Source material START

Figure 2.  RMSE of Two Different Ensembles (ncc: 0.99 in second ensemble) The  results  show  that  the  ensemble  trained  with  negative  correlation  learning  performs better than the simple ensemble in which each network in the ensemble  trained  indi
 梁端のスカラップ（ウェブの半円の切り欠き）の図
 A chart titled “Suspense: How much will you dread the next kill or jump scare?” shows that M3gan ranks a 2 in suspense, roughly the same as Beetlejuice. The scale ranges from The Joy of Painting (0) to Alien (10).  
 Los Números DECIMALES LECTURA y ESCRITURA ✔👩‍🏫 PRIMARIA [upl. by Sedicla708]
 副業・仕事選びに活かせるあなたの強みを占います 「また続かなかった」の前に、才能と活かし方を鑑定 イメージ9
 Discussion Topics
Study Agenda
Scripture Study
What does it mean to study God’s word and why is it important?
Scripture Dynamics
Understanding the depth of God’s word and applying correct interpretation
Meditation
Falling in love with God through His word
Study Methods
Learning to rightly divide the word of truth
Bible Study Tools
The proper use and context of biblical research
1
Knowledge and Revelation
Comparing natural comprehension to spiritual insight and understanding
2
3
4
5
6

Source material END

- [Task statement]:
Retype exactly, please, only the lines of the entries that run from the one containing "What does it" to the last.

- [Solution to this problem]:
What does it mean to study God’s word and why is it important?
Scripture Dynamics
Understanding the depth of God’s word and applying correct interpretation
Meditation
Falling in love with God through His word
Study Methods
Learning to rightly divide the word of truth
Bible Study Tools
The proper use and context of biblical research
1
Knowledge and Revelation
Comparing natural comprehension to spiritual insight and understanding
2
3
4
5
6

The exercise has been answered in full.